The POEA Administrator, in finding petitioners liable to private respondent for medical benefits accruing to
the latter under the Social Insurance Law of Saudi Arabia, took judicial notice of the said law. To this extent, the
POEA Administrator's actuations are legally defensible. We have earlier ruled in Norse Management Co.
(PTE) vs. National Seamen Board[12] that evidence is usually a matter of procedure of which a mere quasi-
judicial body is not strict about. Although in a long line of cases, we have ruled that a foreign law, being a
matter of evidence must be alleged and proved, in order to be recognized and applied in a particular
controversy involving conflicts of laws, jurisprudence on this matter was not meant to apply to cases before
administrative or quasi-judicial bodies in the light of the well-settled rule that administrative and quasi-judicial
bodies are not bound strictly by technical rules. [13] Nonetheless, only to this extent were the acts of the POEA
Administrator amply supported by the law. Her actual application thereof, however, is starkly erroneous.
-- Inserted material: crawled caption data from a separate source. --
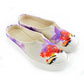 Slipper Outlet - No Exchange or Return  35 EU - 5 US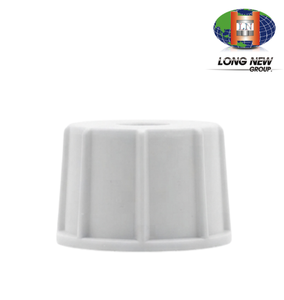 LONGNEW Composants d'assemblage en plastique PC/ABS/PP moulés par injection sur mesure OEM, couleur beige, origine Taïwan - Product Image 2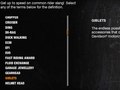 Motorcycling.ca slang terms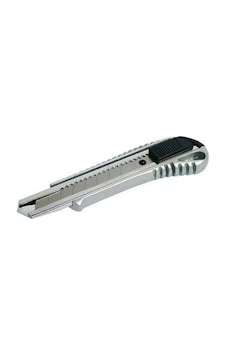 Metal Gövdeli Maket Bıçağı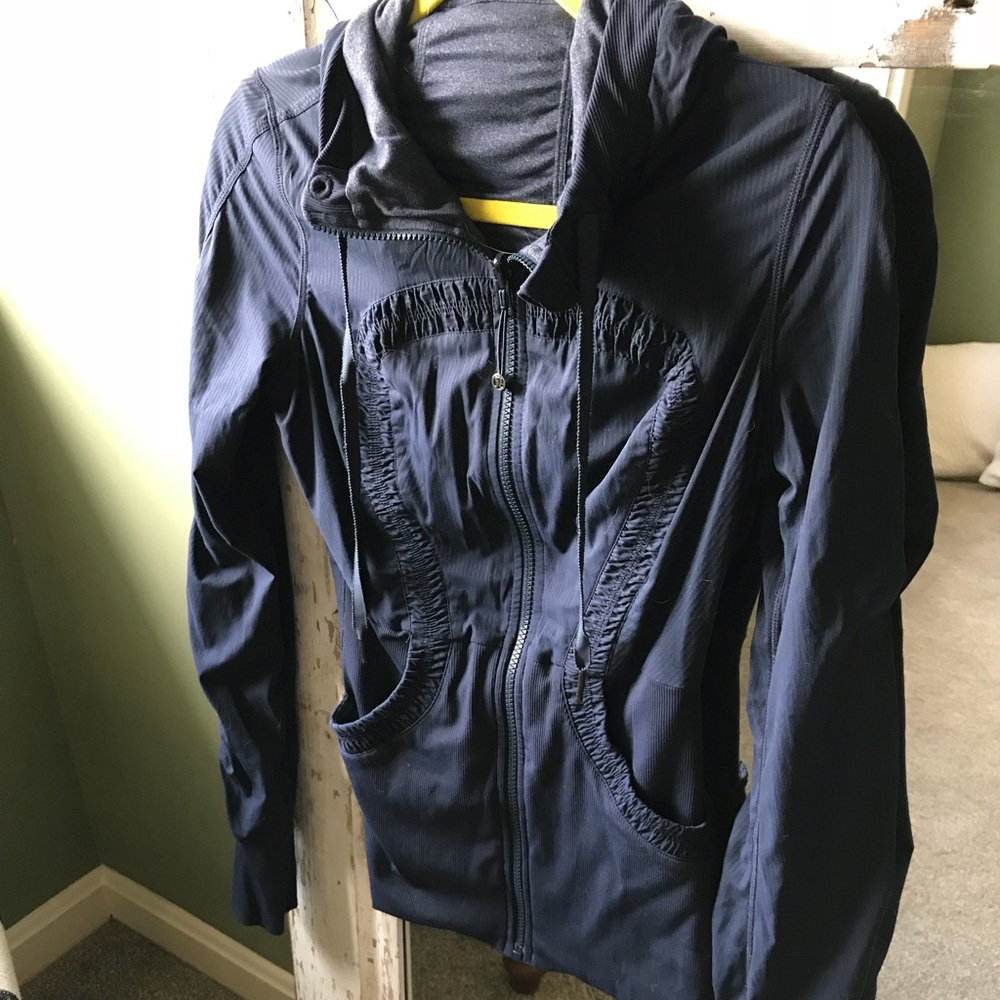 Lululemon Reversible Jacket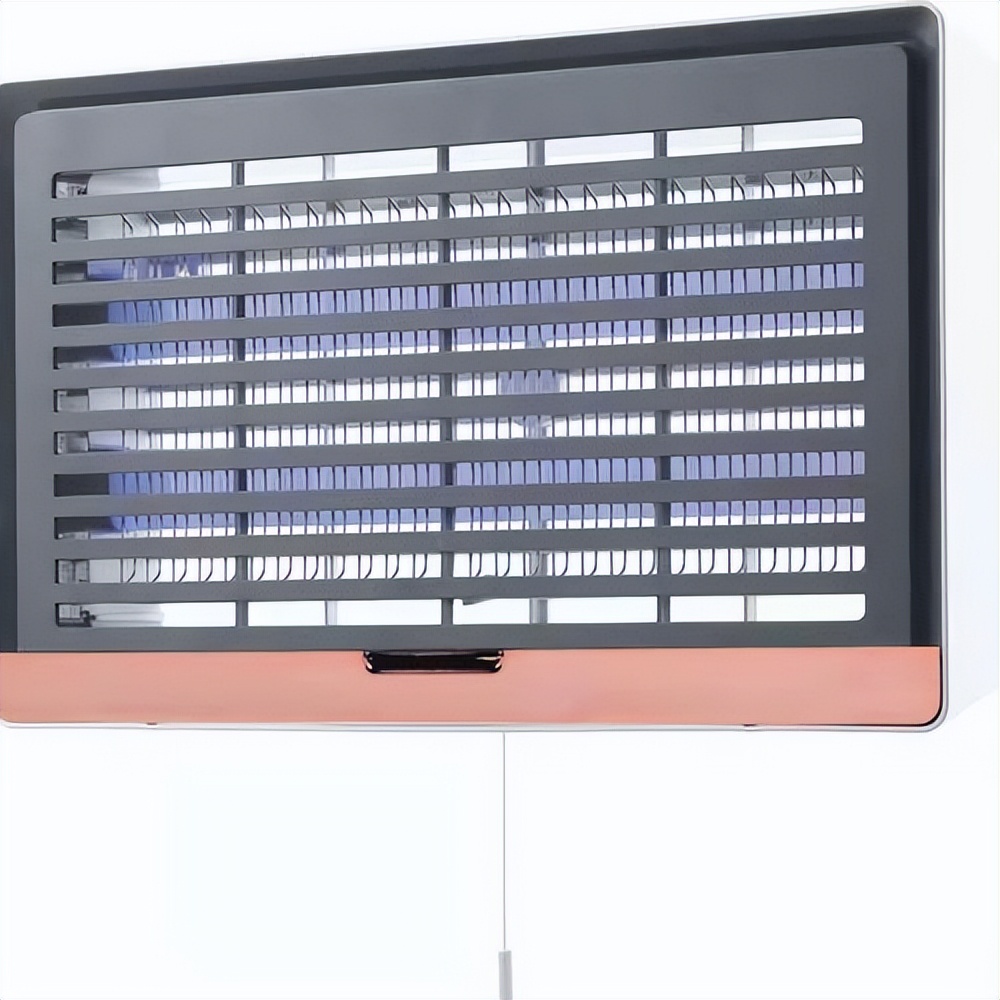 灭蝇灯品牌纳森,什么牌子的灭蝇灯好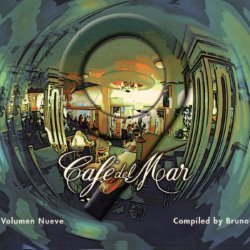 Café del Mar, volumen nueve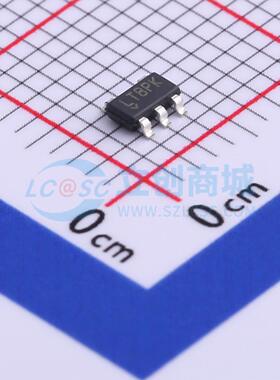 TPS629206QDRLRQ1 SOT-583 全新原装 TI(德州仪器)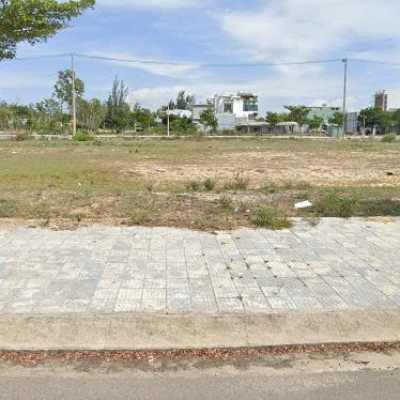 ► Đất MT đường 7.5m KĐT Số 4, sát ĐH FPT, 122.5m2, ngang 5m, 3.7 tỷ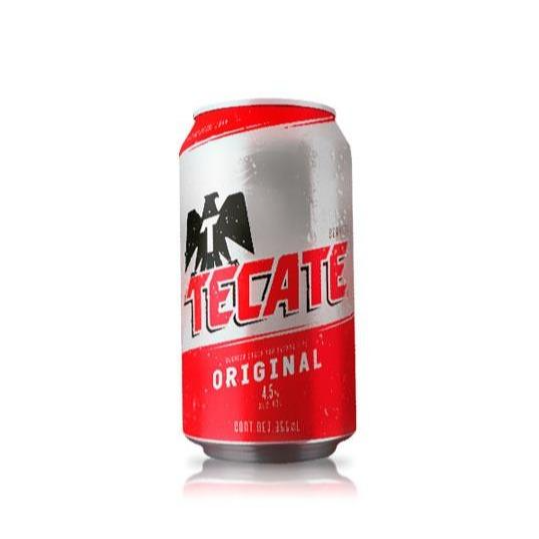 Cerveza Tekate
Section 6(a) of the Overseas Employment Agreement entered into and signed by the private parties
herein, provides that "Workmen's Compensation insurance benefits will be provided within the limits of the
compensation law of the host country."[14] That compensation for disability was to be provided in accordance
with the law of the host country, Saudi Arabia, is a necessary consequence of the compulsory coverage under
the General Organization for Social Insurance Law of Saudi Arabia (hereafter, GOSI Law of Saudi Arabia),
upon all workers, regardless of nationality, sex or age, who render their services within the territory of Saudi
Arabia by virtue of a labor contract.
Article 49 of the GOSI Law of Saudi Arabia provides that the General Organization shall pay to the
beneficiaries the insurance compensation, the employer being under no obligation to pay any allowance to the
insured or to his heirs unless the injury has been intentionally caused by the employer or the injury has
occurred by reason of the latter's gross error or failure to abide by the GOSI Law or the rules relating to
occupational health and safety.[15]
Under the GOSI Law of Saudi Arabia as pleaded by petitioners clearly the obligation to pay medical
benefits as compensation for work-related injury or illness, devolves upon the General Organization and not
upon petitioners. Furthermore, after taking judicial notice of the GOSI Law of Saudi Arabia, the POEA
Administrator considered the said law as one of a similar nature as that of our own compensation laws. Thus,
in awarding the medical benefits to private respondent, she rationalized the same by quoting Article 166 of the
Labor Code of the Philippines which provides that "the State shall promote and develop a tax-exempt
employees' compensation program whereby employees x x x in the event of work-connected disability or
death, may promptly secure adequate income benefit and medical or related benefits." Indeed, we may
postulate further that the policies underlying our compensation laws and the GOSI Law of Saudi Arabia being
similar, the nature thereof could not be so dissimilar. Suffice it to say that our own compensation program
imposes on the employer nothing more than the obligation to remit monthly premiums to the State Insurance
Fund and it is the latter, not the employer, on which is laid the burden of compensating the employee for any
disability; in fact, once the employer pays his share to the fund, all obligation on his part to his employees is
ended.[16] No showing at all has there been that petitioners had failed to comply with its obligations as employer
under the GOSI Law of Saudi Arabia.
WHEREFORE, the petition for certiorari is GRANTED. The decisions of the POEA Administrator and of the
NLRC are hereby ANNULLED and SET ASIDE. No pronouncement as to costs.
Padilla (Chairman), Bellosillo, Vitug, and Kapunan, JJ., concur.